*About this exercise*: Every line below that includes the word "style" needs to be copied.

Source records
>>>>>

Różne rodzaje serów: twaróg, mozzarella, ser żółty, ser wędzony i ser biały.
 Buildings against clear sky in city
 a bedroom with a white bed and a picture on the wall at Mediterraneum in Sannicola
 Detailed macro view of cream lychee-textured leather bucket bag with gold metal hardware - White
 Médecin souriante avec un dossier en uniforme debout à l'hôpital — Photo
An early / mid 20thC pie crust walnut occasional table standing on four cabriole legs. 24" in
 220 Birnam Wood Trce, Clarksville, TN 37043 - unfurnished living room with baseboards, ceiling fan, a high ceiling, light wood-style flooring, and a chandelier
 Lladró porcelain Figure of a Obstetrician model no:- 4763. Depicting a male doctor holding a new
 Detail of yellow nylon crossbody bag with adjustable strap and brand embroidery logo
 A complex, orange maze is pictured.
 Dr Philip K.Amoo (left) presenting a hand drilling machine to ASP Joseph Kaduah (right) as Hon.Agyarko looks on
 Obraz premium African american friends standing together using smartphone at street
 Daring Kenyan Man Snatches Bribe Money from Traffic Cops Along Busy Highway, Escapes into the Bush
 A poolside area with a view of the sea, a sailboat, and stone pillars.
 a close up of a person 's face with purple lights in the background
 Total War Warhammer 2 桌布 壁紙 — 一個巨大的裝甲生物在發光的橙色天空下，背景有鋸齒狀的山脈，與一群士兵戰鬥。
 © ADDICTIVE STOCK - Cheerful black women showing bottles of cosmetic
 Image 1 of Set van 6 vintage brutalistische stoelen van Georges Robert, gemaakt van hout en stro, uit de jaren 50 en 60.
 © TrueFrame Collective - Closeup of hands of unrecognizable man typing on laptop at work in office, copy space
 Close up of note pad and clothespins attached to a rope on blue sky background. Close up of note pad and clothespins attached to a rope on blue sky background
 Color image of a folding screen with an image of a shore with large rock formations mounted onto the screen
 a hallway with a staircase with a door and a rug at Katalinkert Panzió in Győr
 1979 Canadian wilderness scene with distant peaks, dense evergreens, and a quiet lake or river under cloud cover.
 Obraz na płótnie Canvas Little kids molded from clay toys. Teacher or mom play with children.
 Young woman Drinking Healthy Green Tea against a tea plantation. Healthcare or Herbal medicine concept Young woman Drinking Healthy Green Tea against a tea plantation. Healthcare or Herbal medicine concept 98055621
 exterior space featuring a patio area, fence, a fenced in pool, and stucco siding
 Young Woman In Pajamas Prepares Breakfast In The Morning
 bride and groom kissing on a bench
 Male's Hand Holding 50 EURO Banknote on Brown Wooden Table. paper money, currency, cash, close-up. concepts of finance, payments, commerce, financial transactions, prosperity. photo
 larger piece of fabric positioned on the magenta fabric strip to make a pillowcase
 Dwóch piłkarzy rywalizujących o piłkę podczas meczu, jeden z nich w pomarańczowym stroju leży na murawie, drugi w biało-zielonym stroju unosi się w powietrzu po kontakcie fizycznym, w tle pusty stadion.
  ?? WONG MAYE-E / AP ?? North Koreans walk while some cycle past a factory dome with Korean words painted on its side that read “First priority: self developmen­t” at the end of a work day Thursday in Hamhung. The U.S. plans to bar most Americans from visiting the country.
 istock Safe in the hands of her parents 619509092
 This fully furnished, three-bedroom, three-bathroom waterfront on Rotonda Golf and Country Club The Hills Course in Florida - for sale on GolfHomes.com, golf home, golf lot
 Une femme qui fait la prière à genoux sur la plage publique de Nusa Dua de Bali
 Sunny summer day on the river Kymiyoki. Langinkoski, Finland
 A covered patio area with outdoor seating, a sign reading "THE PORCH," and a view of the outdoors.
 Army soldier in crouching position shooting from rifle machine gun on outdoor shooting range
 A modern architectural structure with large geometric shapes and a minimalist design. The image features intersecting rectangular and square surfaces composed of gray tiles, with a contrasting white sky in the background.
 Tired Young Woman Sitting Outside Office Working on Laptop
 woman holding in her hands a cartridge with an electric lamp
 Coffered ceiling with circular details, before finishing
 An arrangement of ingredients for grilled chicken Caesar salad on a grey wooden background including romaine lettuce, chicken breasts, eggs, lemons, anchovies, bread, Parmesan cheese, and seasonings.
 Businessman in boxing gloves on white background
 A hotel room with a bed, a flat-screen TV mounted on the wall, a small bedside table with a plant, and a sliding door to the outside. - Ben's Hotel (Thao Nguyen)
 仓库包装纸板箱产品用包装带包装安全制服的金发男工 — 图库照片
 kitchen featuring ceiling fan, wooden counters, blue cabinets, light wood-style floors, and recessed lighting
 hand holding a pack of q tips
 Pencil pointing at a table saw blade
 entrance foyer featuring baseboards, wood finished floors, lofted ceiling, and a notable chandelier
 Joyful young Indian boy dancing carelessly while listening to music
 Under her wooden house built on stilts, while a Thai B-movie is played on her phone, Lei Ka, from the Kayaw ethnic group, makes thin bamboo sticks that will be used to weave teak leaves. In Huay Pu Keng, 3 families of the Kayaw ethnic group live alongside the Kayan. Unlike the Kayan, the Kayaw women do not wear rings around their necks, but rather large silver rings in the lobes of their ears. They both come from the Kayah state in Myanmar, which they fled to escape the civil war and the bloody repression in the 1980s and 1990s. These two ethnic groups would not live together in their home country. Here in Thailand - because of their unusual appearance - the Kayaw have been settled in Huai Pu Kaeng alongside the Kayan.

<<<<<

*Output for this exercise*:
 220 Birnam Wood Trce, Clarksville, TN 37043 - unfurnished living room with baseboards, ceiling fan, a high ceiling, light wood-style flooring, and a chandelier
 kitchen featuring ceiling fan, wooden counters, blue cabinets, light wood-style floors, and recessed lighting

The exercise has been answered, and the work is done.